Why The Polytechnic is needed more than ever
Why does The Polytechnic exist? While it may initially seem silly to ask, it is an important question in today’s age. Historically, The Poly was one of the few ways that people could learn about news, see reviews, and hear other’s views on subjects pertaining to life at Rensselaer. With the spread of social media and the Internet, however, there are now multiple ways for students and alumni to obtain that information such as through Reddit posts, Facebook events, or direct emails from administrators instead of student-written articles. What distinguishes The Poly from any other information source is the accountability for what we write and our goal of providing unbiased information.
The simplest reason for The Poly’s existence is that there are students at RPI who want to be a part of a news organization. I wrote about this before, but I hated writing in high school because I wasn’t interested in writing the literary analyses I was made to do for English class. However, writing for The Poly scratched an unknown itch. For students who have an interest in writing, The Poly is one of the few opportunities on campus that gives those students that outlet.
The school also needs a news organization. While RPI may be a small school, there are major decisions that are made which need to be accurately documented so that the people making those decisions can be held accountable. If anyone makes a questionable decision, they know that The Poly will be following up with them and asking for an explanation. Some may argue that RPI’s subreddit or Facebook groups can replace a news organization, but they are wrong. The big difference between an article and a post on a subreddit or a Facebook group is the accountability of the author. Our names are attached to the pieces we publish, with rare exceptions. This means that if someone searches for the author’s name for any reason—a job search, relationship, or background check—their articles come up. This visibility makes us accountable for what we write. If our articles spread false information, then it will hurt our personal reputation, as well as the reputation of The Poly, unlike how it would affect the reputation of an anonymous Reddit user.

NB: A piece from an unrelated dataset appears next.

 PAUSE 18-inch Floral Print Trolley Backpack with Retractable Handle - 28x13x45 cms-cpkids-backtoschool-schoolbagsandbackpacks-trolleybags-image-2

Since we have this personal accountability, articles also must meet our quality standards. For news articles, all angles must be covered fairly. A journalist should never hide a fact, even if it does not fit the narrative that they want. If it's discovered that a journalist hid a fact or did not fairly report an event, then it must be publicly corrected.
Getting all the necessary information to provide an accurate and unbiased context to events occurring in the RPI community is not easy and takes substantial effort from the author. It includes emailing administrators until they respond to get that important piece of information or statement that can completely change an outlook of an article. It means attending every Student Senate meeting and Executive Board meeting, digging through Morning Mail to see if there are any announcements that might get overlooked, reading the reports that RPI publishes, and researching the laws and reasons that may govern a decision that RPI makes.
All that effort takes time and energy which is why The Poly may not always be the source of breaking news. But it does make The Poly a source of fair and unbiased news, which in my view is more important than a rushed news piece. This effort to provide high-quality news also means that our pieces can give more context for decisions or include a more detailed explanation of the piece of information. A great example of the amount of effort that staff members put into making sure the article gives all the necessary context is the article by our new Editor in Chief Sarah Shiang about the updated Title IX policies. To get all of the context for the article, Sarah had to reach out multiple times to the Title IX coordinators to fully understand the effects of the updated policies. Sarah spent multiple months communicating and working on the article, but it paid off in a well-researched and informative piece.
As a former Editor in Chief, I hope to see The Poly not only exist for the foreseeable future but also grow and thrive, because it's an important part of the RPI community. I have full confidence in the new and future leaders of the club that they will continue the legacy of the paper by providing a high-quality paper for the RPI community.